The skewness of the outcome variable (treated unconditionally on the other variables) will depend on the arrangement of the independent variables -- it might validly be anything. You shouldn't be trying to make the distribution of the outcome look like any particular thing. It's the error term the normal assumption is needed for.

Normality of residuals probably isn't all that important compared to the other assumptions (unless you're after prediction intervals) -- you will want to focus more on getting the models for the mean and variance right.

That said, if a log-transform produces slightly left skew residuals, you might possibly do better with a Gamma GLM (the log of a gamma random variable is left skew, the degree of skewness depends on the gamma's shape parameter). Aside from that, the Gamma model with a log link has a lot of similarities to a linear model in the logs. This also has the advantage of readily dealing with other nonlinear relationships between the conditional mean of the outcome and the linear predictor (linear combination of the independent variables) by choice of a different link function.

(If such a GLM is suitable - and again, the model for the mean and variance matters more than the distributional assumption, it implies heteroskedasticity in your data; if there's no evidence of this you may not be better off than with linear regression)

And if I were to use the model based on the transformed data, how would I properly interpret the output?

If you assume approximate normality of the logs, it implies that your linear, additive-error model on the log-scale is a multiplicative lognormal model on the original scale.

I find it easier to interpret natural logs rather than base 10 logs (not least, I have a lot more practice at it), but since one is simply a scaled version of the other, most of the intuition carries across.
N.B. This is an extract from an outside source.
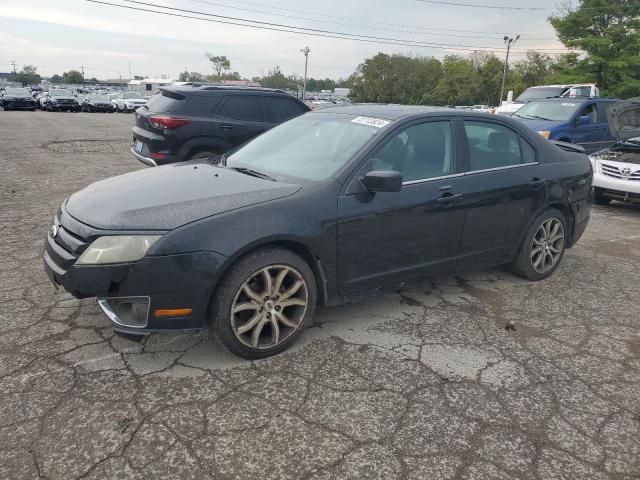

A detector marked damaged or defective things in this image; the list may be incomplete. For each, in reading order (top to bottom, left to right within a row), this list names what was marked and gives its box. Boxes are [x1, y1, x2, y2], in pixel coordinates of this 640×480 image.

cracked asphalt pavement [1, 110, 640, 478]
One the log scale, a unit change in one of your independent variables, $x_j$ produces an additive change of the corresponding coefficient in the outcome of $\beta_j$. On the original scale, a unit change in the independent variable multiplies the typical outcome (e.g. in the mean, or the median - the effect on either is the same) by $10^\beta_j$.

Beware: if you want to make statements about the (conditional) mean of the outcome (rather than changes in it, as discussed in the previous paragraph), you don't just take $10^\text{mean on the log scale}$. If you need to do this I can provide more details about the calculation under the normal assumption. (This is not an issue for the GLM approach, since it models the mean directly rather than via a transform)

However, prediction intervals, for example, transform back just fine.